I am trying to prove the following inequality:
$$ x^T(I_d-11^T/d)x \ge 0 $$
where $d$ is a non-negative integer, $I_d$ a $d\times d$ identity matrix and $1$ a $d \times 1$ vector composed of ones. I can prove this by using the lemma that for any real symmetric $d \times d$ matrix $A$ the following holds:
$$ \lambda_{(1)} \le \frac{x^TAx}{x^Tx} \le \lambda_{(d)} $$
where $\lambda_{(1)}$ is the smallest and $\lambda_{(d)}$ the largest eigenvalue.

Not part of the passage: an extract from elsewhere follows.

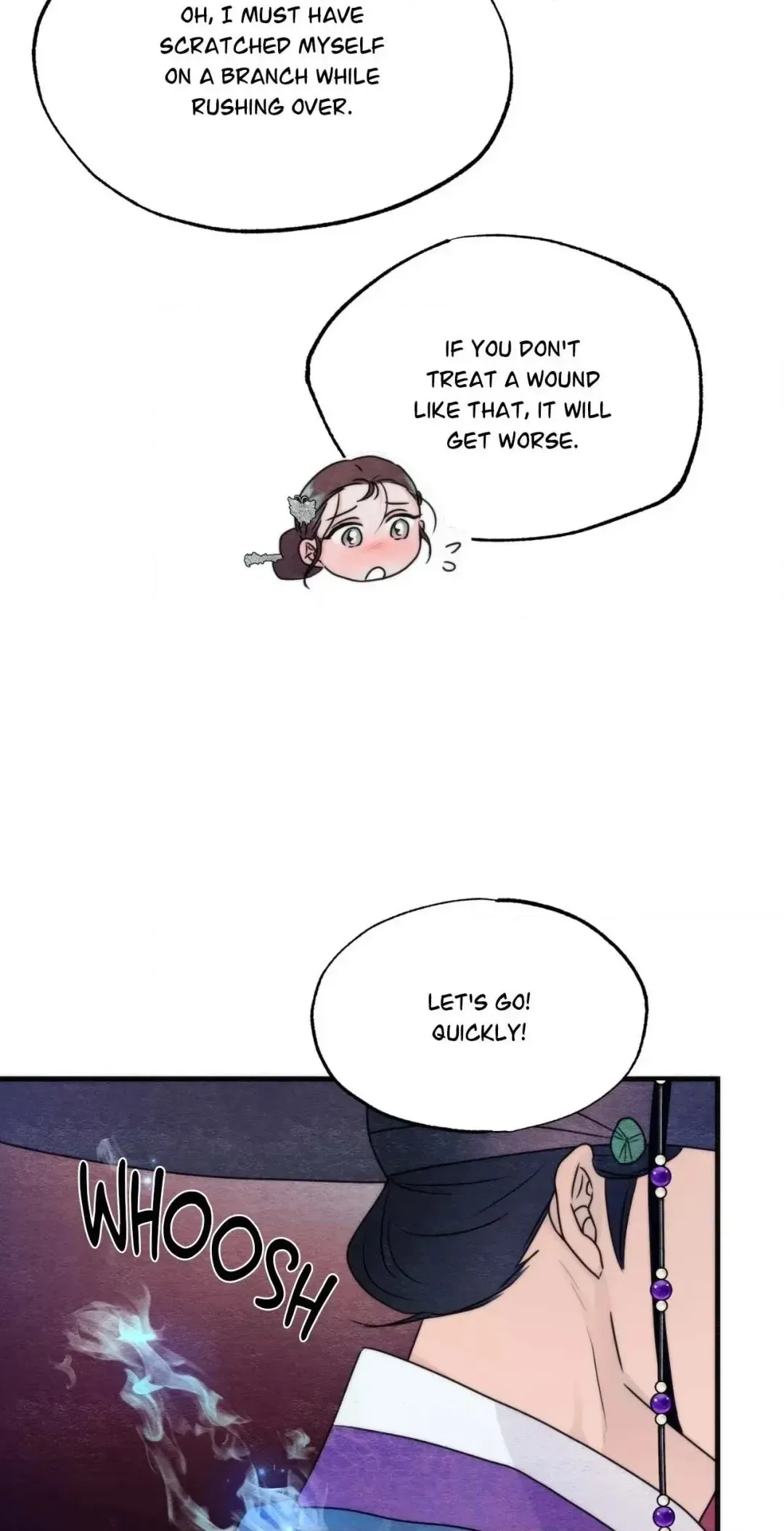 Read A Most Consummate Night chapter 6 image 39 on Lezhin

Combining this in the above equation one can show (if I am not mistaken) that
$$ 0 \le x^T(I_d-11^T/d)x \le x^Tx $$
which proves the semi-positive definiteness.
Are there any more intuitive ways to prove this without the appeal to this lemma?
Sure. Let $v$ denote the unit-vector $1/\sqrt{d}$. Then $$ (I - 11^T/d) = (I - vv^T) $$ It follows that $$ x^T(I - 11^T/d)x = x^T(I - vv^T)x^T = x^Tx - (x^Tv)^2 =\\ \|x\|^2 - |\langle x,v \rangle|^2 $$ and by Cauchy-Schwarz, this must be non-negative.